↓↓↓

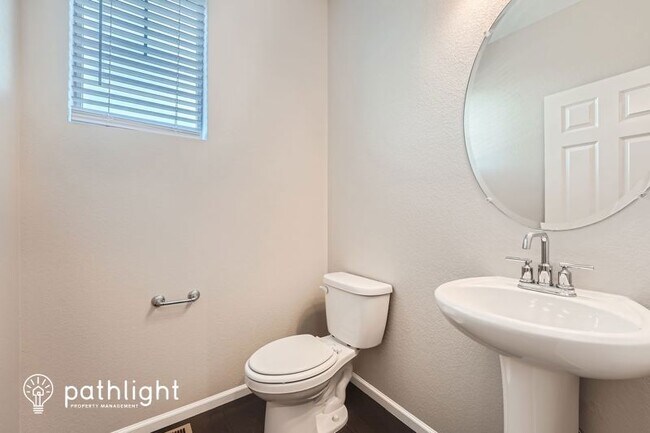 Building Photo - 720 Penstemon Dr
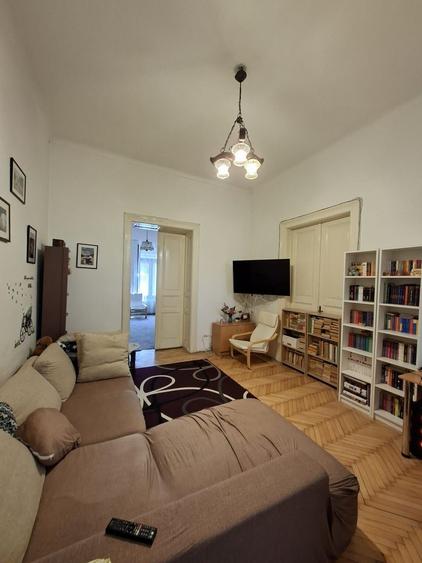 Apartament cu 4 camere circular, mobilat în P-ța Maria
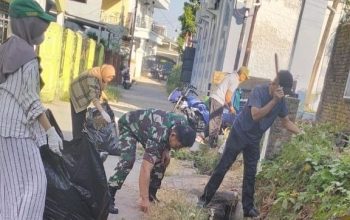 Sinergi TNI, Mahasiswa KKN UIN, dan Warga Gowa Bersatu Wujudkan Lingkungan Bersih Lewat Karya Bakti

↑↑↑

Your objective: Aside from its pictures, the listing must be given again in full, exactly as it appears.

Answer section:
 Building Photo - 720 Penstemon Dr
 Apartament cu 4 camere circular, mobilat în P-ța Maria
 Sinergi TNI, Mahasiswa KKN UIN, dan Warga Gowa Bersatu Wujudkan Lingkungan Bersih Lewat Karya Bakti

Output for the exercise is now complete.